# Help me figure this out?



## Cheri in NY (May 10, 2002)

DS is almost 18...was homeschooled til 8th grade, then to a Christian school through 10th grade. Repeated 5th, and Dec b-day which accounts for his age now. His father and I are separated for the last almost 3years now. Father did not pay anything towards tuition last year. Now, this June, I lost my job and can't afford the tuition. The public school is out completely. We get child support and spousal support and some help from friends. Son has been working fulltime at the farm down the road. Do I test him and put him into the grade/curriculum recommended and homeschool independently? I'm leaning towards Christian Liberty Press, unless you guys have another idea?? No paperwork requirements are necessary to the supt of schools after age 16 here in NY. Or have him do some online classes? Or nothing at all?? Thank you for any and all advice??:thumb:


----------



## backwoods (Sep 12, 2004)

GED & then some on line college?


----------



## Whisperwindkat (May 28, 2009)

We use a Charlotte Mason approach and use Ambleside online as a guide. You could also have him take the ACT and then he can duel enroll in college. He would be earning high school and college credits at the same time. What are his goals? At this point in time he should have some goals with what he wants to do and where he wants to go. I would start there and then move forward toward those goals. Blessings, Kat


----------



## ErinP (Aug 23, 2007)

> You could also have him take the ACT and then he can duel enroll in college.

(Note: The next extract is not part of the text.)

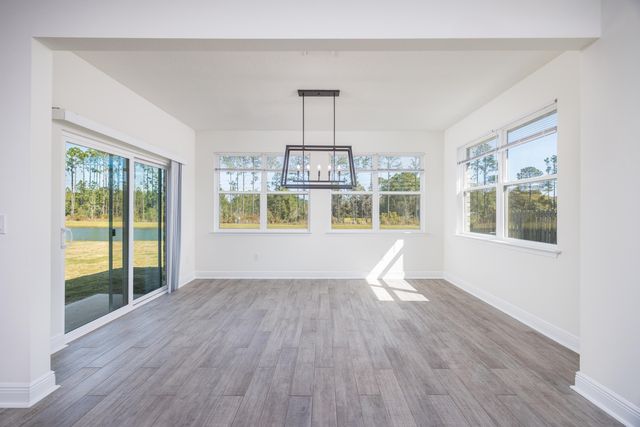 133 E Sky Way, Freeport, FL 32439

That's just what I was going to suggest...


----------



## Danaus29 (Sep 12, 2005)

What does he want to do? You have several options including on-line classes, early GED classes (might require school district approval), local college classes and I'm sure there are other options available. 

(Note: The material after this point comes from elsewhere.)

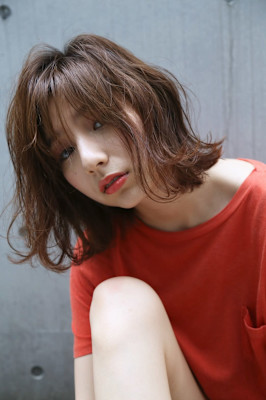 切りっぱなし艶髪波ウェーブスタイル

Some colleges offer free on-line classes. That might be a good route to go.


----------



## Scraprageous (Sep 4, 2013)

There are a lot of free online courses (Coursera, Kahn academy and more) that he could do, in addition to independent study using either the library or free online courses. Really need to ask him what he wants to do as young men at that age like their independence and usually have some ideas about the path they think they want their life to follow.


----------



## cindy-e (Feb 14, 2008)

there might also be a free online public school that uses K12 curriculum... it is very good.


----------



## offthegrid (Aug 11, 2009)

This is a late response, but I'd have him pick up classes at HVCC (local community college) that is very supportive of homeschooling. Not free, but very reasonable for college credit.

But, it sort of depends on what he wants to do? Take a break and get a job? Take a "gap year"? Or continue into community college to pick up some credits while he figures things out?


----------